I have a question about the reservation of mineral rights. Hopefully im posting this in the right category. Here is my question: is a lifetime reservation of minerals/royalties the same as or can be interpreted as the full reservation found on other leases for individuals and their family heirs. With the question being asked here is the history: Father gives daughter farm in the 1940's he reserves the lifetime rights to enjoy the minerals/royalties. It is not written as a normal reservation of minerals for him and his family forever. It is written more like when someone buys a piece of property and someone has lifetime living rights on it. When that person is deceased, so are their rights. More history: When the daughter sells the farm 1950's dad is deceased. As I read it, I am saying that when daddy died, rights went back to the daughter. To support this, when she sells the farm the deed includes that the mineral rights are included in the sale to the purchaser implying that the minerals went back to the farm/daughter. Any info would be greatly appreciated.
I think it all really depends on how the language of the lifetime reservation was constructed. Small mistakes can really take the intent of the life estate in different directions from what was planned. Your scenario sounds correct (from my knowledge of Kansas laws) but that also depends on other factors. Was it ever produced during the time of the father or daughter ownership?
The property was never produced, thank you for your imput
Without knowing for sure, the scenario you describe sounds like the minerals passed when the father died, and daughter sold the property without reserving the minerals (in effect passing them to the new owner).
That is how I am looking at it as well.
Did you find old deeds in the family files, or start looking up old family farms to inquire about minerals?
This sprouted from a company telling me that I had only the executive rights to my property. No minerals royalties etc.
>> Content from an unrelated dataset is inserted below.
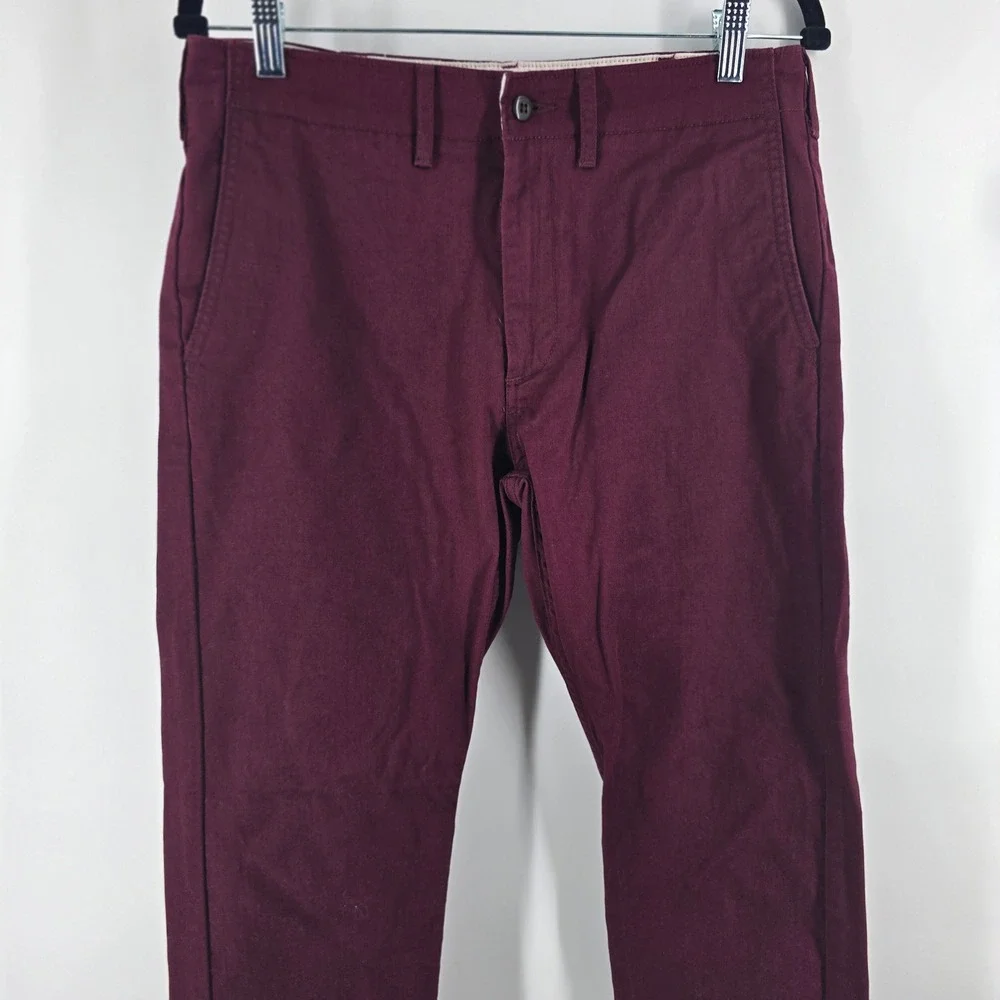 Levis Chino Pants Mens 32x27 Burgundy Straight Leg Cotton Twill Casual Trousers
This is after it had already been leased by another company telling me that I owned 100%. So I decided to do a little research myself to see who between the two companies made the mistake. These all came from courthouse records as i traced the history of the property. After discovering the reservation I decided that This is where the one company could have came up with me not owning them.
Sounds quite possible. What state are the minerals located?
West Virginia
I'm not sure that it is possible for you to have executive rights without minerals unless you own the surface.
I do own the surface
It sounds like you own all rights. Unless the daughter reserved for herself, or deeded the minerals separately to another party. Who does the company that says you only have executive rights think owns the minerals?
They did not say, and also the letter said that it was only good upon title examination. So I don't think there was enough research at that time.
Are you still leased with the first company? How does the company who says you only have executive rights come into the picture? Did they acquire the first lease? Have any pools or units been created, or are they in the process of being put together (that includes your minerals)?
I am still leased with the first company. The other company was trying to lease it not knowing it had already been evidently.
They can say whatever they want. They haven't leased you. Someone probably saw the earlier mineral reservation without realizing it was only a lifetime mineral reservation (and the fact that the person reserving that right is deceased). Oversight on their part. Often times "quick" or "short" research is done to engage a new lease, and then a complete search is done after. This allows companies to acquire leases quickly without consuming vast amounts of time on title research and potentially lose a lease to another company. Accurate title work is priceless. At the same point, I am sure there are a few people willing to acquire leases without verifying ownership by title work. Not something I would ever recommend, but I have seen a few instances before.